_Entries shown:_
>>>>>

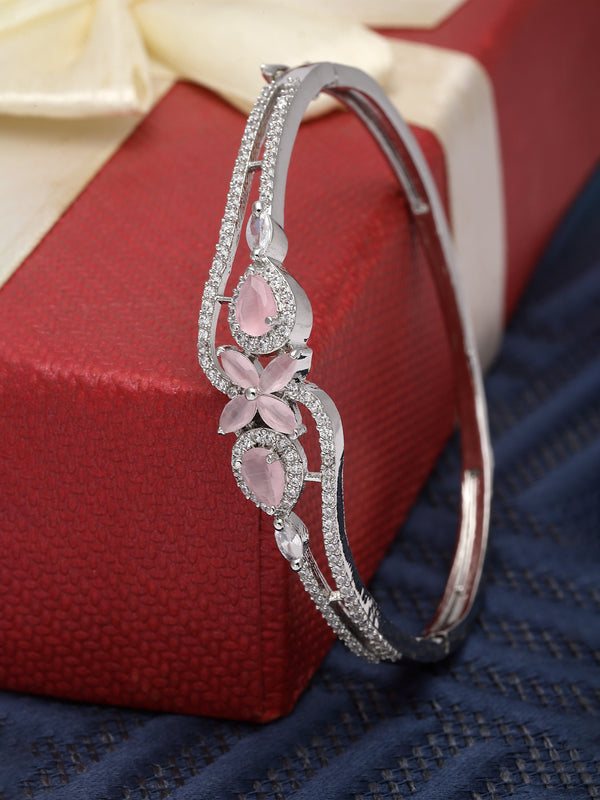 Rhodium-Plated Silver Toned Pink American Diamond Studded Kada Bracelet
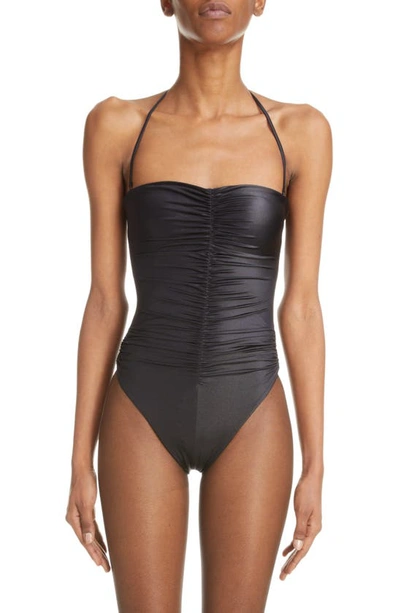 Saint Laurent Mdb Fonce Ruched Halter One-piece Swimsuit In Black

<<<<<
>>>>>

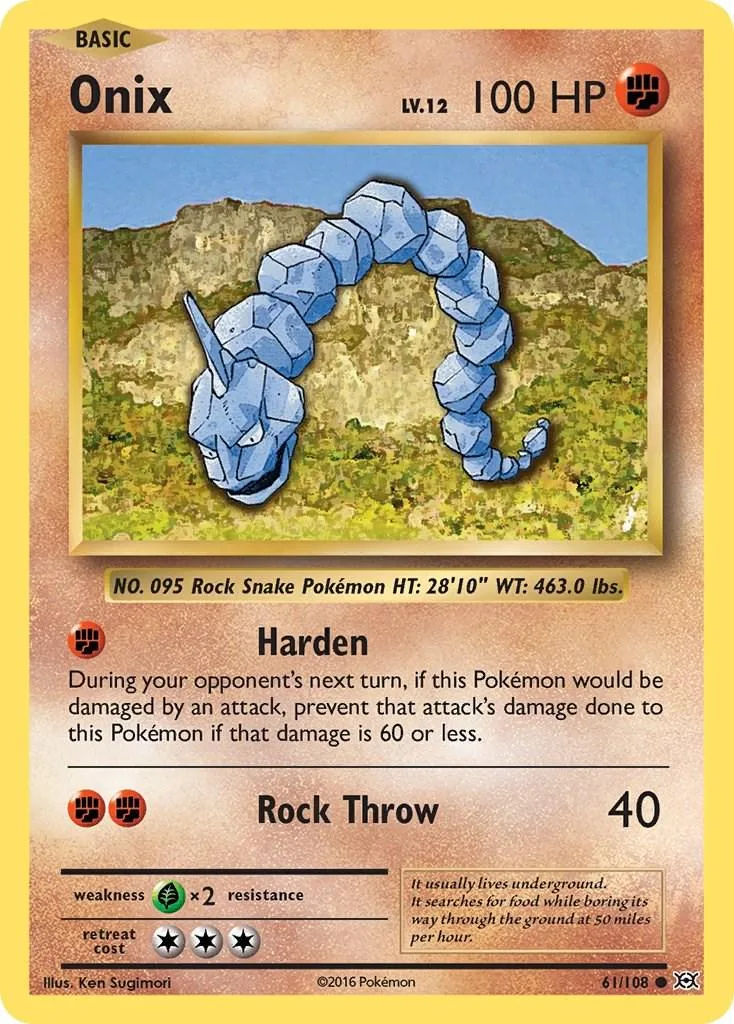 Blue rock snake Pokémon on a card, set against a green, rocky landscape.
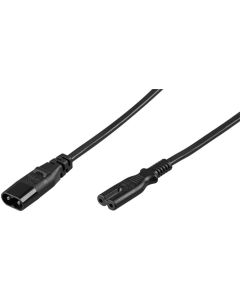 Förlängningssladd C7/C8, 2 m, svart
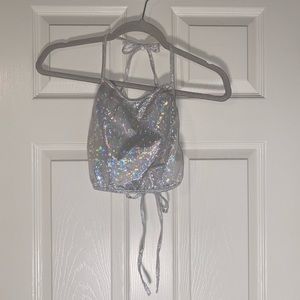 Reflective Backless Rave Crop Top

<<<<<

_Problem details:_ Starting at the line containing "Blue rock snake" and stopping at the line containing "Reflective Backless Rave Crop Top", output every line above exactly, both ends included, with pictures omitted.

_Result for this exercise:_
 Blue rock snake Pokémon on a card, set against a green, rocky landscape.
 Förlängningssladd C7/C8, 2 m, svart
 Reflective Backless Rave Crop Top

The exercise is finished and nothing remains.